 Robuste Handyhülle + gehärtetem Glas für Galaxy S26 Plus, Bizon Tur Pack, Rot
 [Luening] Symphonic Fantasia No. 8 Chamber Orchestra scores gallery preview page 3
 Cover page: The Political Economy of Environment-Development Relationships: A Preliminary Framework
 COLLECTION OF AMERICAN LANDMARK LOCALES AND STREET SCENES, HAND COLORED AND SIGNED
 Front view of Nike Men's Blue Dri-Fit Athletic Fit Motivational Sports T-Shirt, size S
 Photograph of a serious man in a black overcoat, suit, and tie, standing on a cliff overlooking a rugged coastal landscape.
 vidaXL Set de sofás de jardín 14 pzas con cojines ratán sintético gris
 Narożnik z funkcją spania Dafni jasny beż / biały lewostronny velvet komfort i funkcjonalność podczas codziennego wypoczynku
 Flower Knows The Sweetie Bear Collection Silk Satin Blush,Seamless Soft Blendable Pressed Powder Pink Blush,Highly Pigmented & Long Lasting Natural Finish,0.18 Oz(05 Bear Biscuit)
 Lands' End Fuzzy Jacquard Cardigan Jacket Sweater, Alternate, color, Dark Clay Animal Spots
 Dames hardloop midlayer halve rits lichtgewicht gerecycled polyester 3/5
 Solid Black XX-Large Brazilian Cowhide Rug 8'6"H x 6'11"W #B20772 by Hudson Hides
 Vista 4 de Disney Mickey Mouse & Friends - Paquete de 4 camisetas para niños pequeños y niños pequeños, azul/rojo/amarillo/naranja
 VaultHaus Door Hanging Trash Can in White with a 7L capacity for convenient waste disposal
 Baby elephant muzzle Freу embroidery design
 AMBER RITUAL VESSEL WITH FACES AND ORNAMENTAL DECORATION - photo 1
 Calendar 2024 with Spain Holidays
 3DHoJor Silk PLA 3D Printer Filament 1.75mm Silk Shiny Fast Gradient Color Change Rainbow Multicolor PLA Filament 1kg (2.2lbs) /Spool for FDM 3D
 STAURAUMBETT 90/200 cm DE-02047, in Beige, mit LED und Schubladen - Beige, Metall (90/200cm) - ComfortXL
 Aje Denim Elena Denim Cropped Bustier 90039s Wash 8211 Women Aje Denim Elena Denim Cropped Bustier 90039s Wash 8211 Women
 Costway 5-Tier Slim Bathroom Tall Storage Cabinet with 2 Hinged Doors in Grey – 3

◆ ACTIVITY: Transcribe each line of the data above, unaltered, from the one where "Baby elephant muzzle Freу embroidery design" appears to the one where "Calendar 2024 with Spain Holidays" appears, inclusive of both.

◆ TASK ANSWER:
 Baby elephant muzzle Freу embroidery design
 AMBER RITUAL VESSEL WITH FACES AND ORNAMENTAL DECORATION - photo 1
 Calendar 2024 with Spain Holidays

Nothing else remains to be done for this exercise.